What you have to do = Here are some records; quote them exactly, leaving out the pictures.
━━━ Records for this exercise ━━━
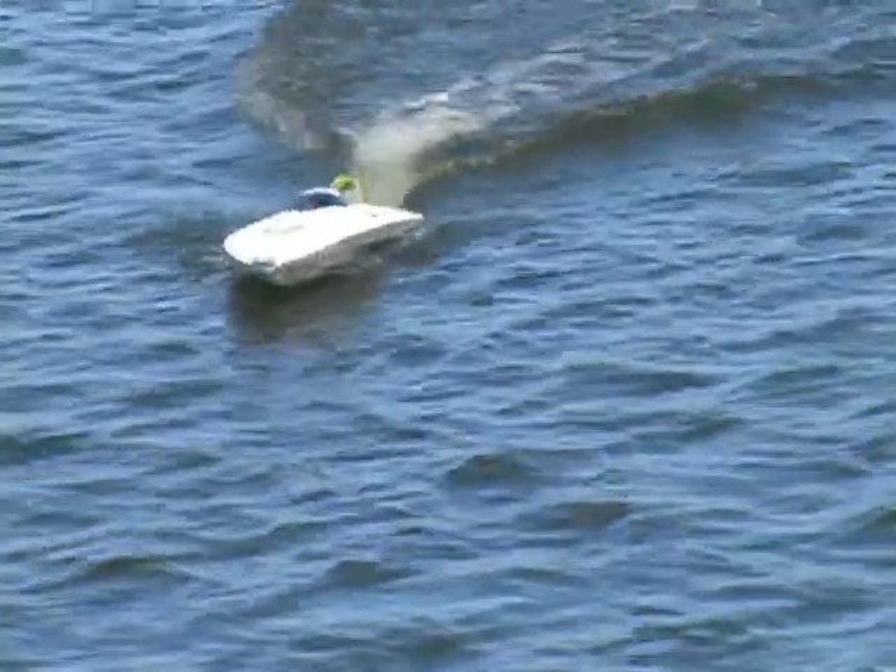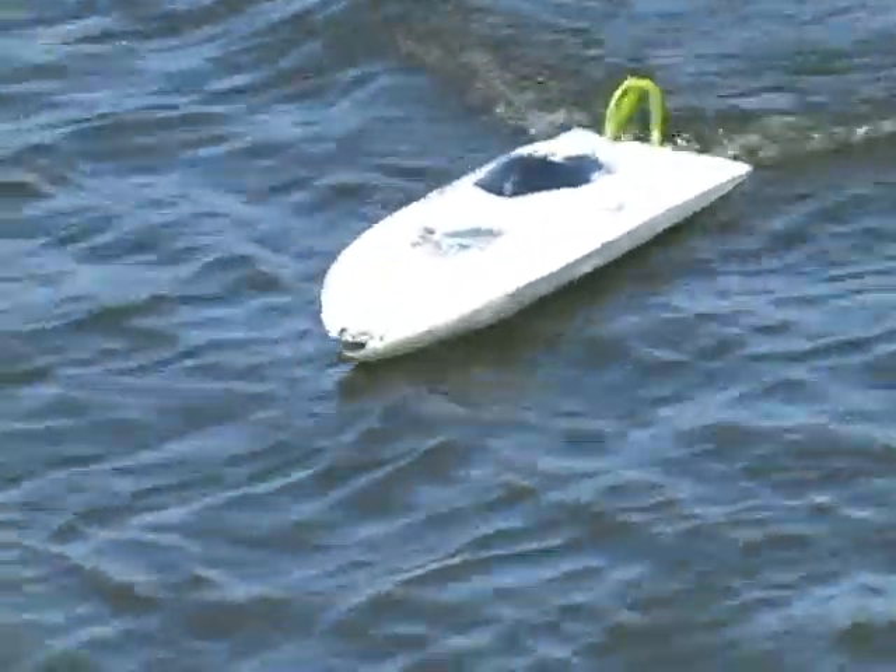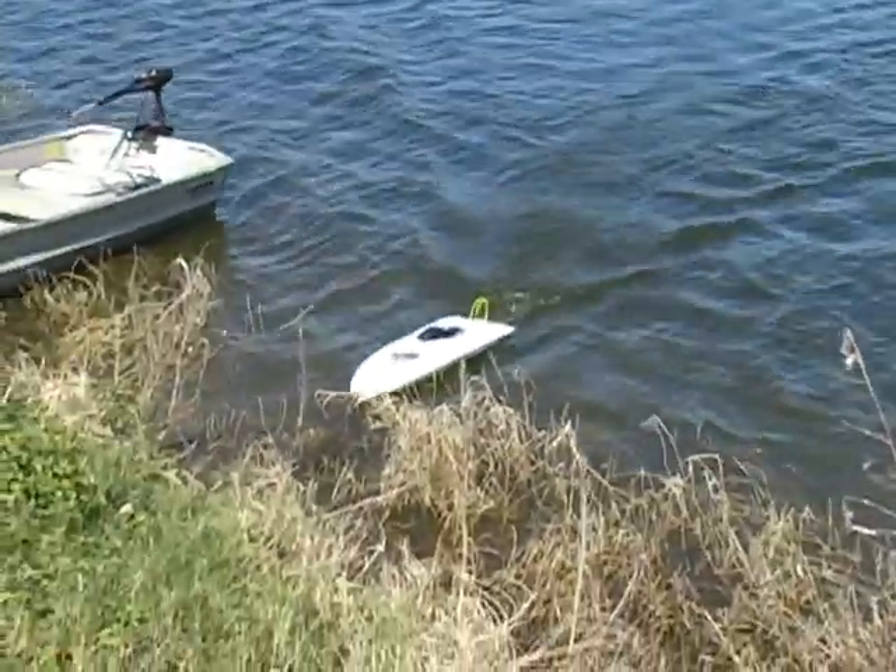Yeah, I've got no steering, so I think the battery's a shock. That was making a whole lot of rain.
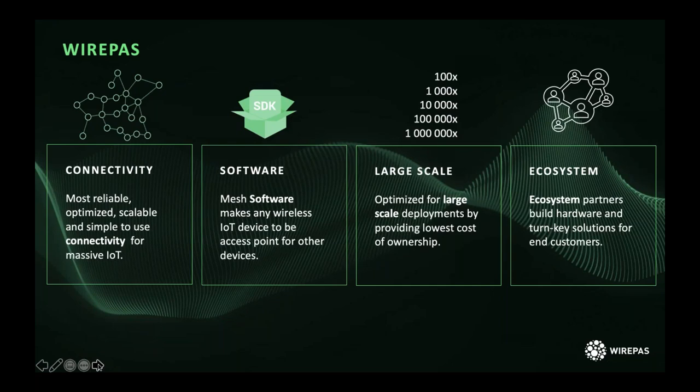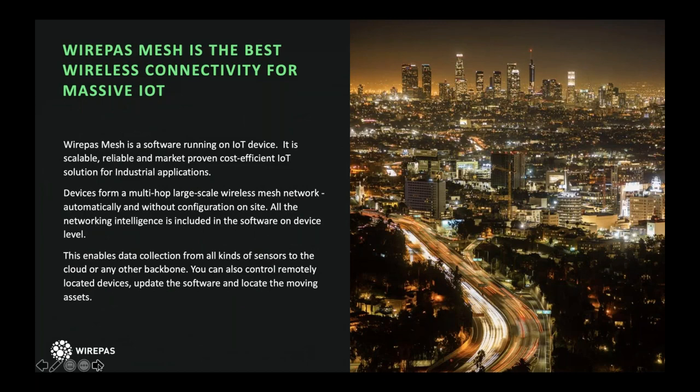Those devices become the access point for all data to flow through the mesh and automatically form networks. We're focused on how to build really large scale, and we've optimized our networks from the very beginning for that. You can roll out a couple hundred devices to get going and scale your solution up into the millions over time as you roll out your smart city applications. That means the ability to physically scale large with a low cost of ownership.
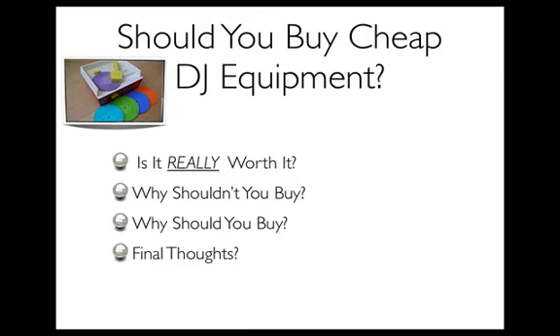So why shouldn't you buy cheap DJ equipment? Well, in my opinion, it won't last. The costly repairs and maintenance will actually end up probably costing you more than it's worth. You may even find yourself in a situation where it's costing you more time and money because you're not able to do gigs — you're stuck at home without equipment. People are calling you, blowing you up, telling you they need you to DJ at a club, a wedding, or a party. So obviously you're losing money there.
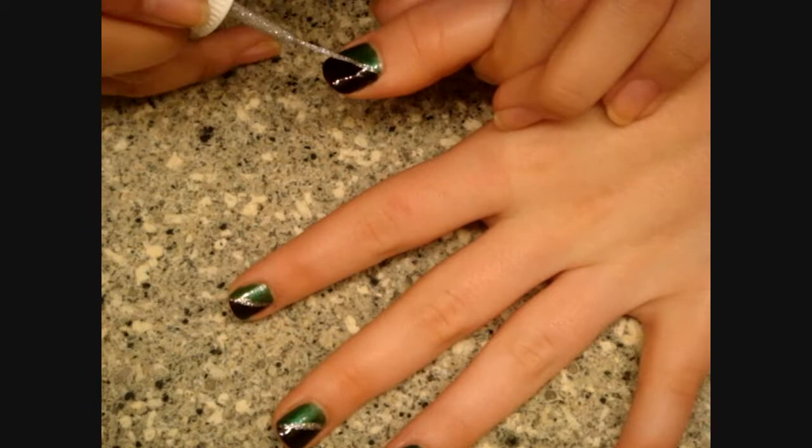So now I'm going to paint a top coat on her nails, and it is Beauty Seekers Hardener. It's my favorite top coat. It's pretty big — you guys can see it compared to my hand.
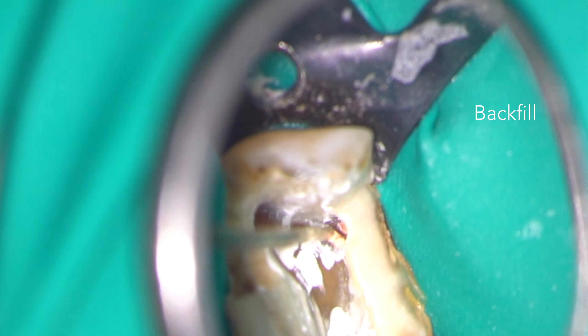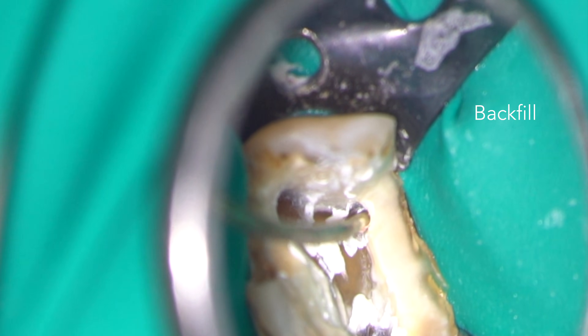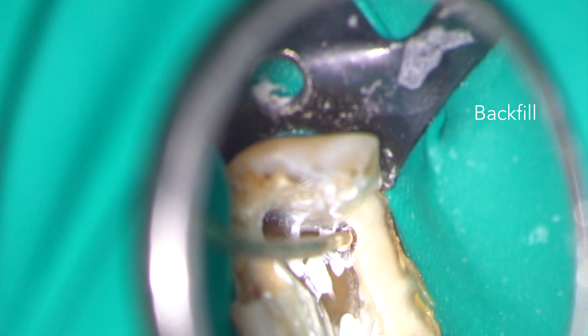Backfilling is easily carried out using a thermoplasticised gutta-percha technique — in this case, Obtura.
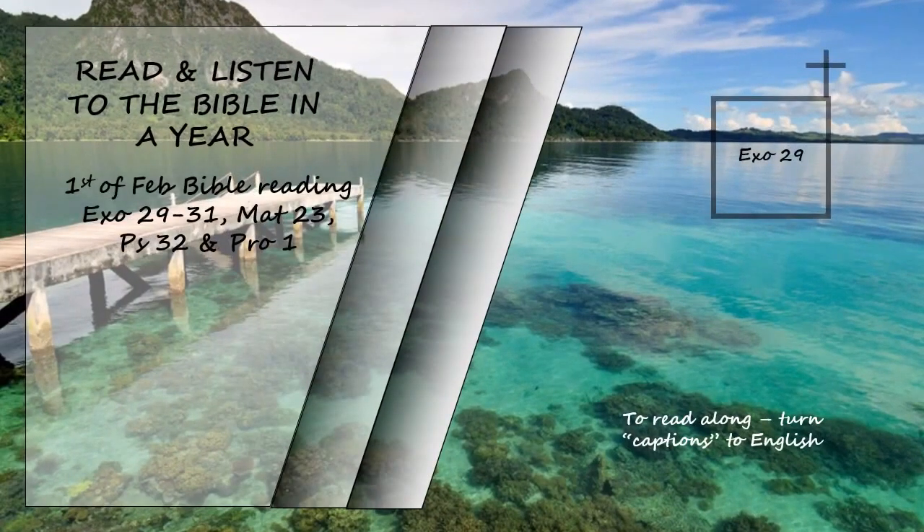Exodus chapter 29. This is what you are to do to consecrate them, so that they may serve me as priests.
━━━
Result of this exercise =
Yeah, I've got no steering, so I think the battery's a shock. That was making a whole lot of rain.
Those devices become the access point for all data to flow through the mesh and automatically form networks. We're focused on how to build really large scale, and we've optimized our networks from the very beginning for that. You can roll out a couple hundred devices to get going and scale your solution up into the millions over time as you roll out your smart city applications. That means the ability to physically scale large with a low cost of ownership.
So why shouldn't you buy cheap DJ equipment? Well, in my opinion, it won't last. The costly repairs and maintenance will actually end up probably costing you more than it's worth. You may even find yourself in a situation where it's costing you more time and money because you're not able to do gigs — you're stuck at home without equipment. People are calling you, blowing you up, telling you they need you to DJ at a club, a wedding, or a party. So obviously you're losing money there.
So now I'm going to paint a top coat on her nails, and it is Beauty Seekers Hardener. It's my favorite top coat. It's pretty big — you guys can see it compared to my hand.
Backfilling is easily carried out using a thermoplasticised gutta-percha technique — in this case, Obtura.
Exodus chapter 29. This is what you are to do to consecrate them, so that they may serve me as priests.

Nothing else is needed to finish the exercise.